··· Data shown ···

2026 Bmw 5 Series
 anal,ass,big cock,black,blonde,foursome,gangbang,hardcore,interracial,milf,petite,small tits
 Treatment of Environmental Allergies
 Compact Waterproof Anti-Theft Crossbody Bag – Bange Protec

···

** Work task **
Give back the complete data exactly as supplied.

** Result **
2026 Bmw 5 Series
 anal,ass,big cock,black,blonde,foursome,gangbang,hardcore,interracial,milf,petite,small tits
 Treatment of Environmental Allergies
 Compact Waterproof Anti-Theft Crossbody Bag – Bange Protec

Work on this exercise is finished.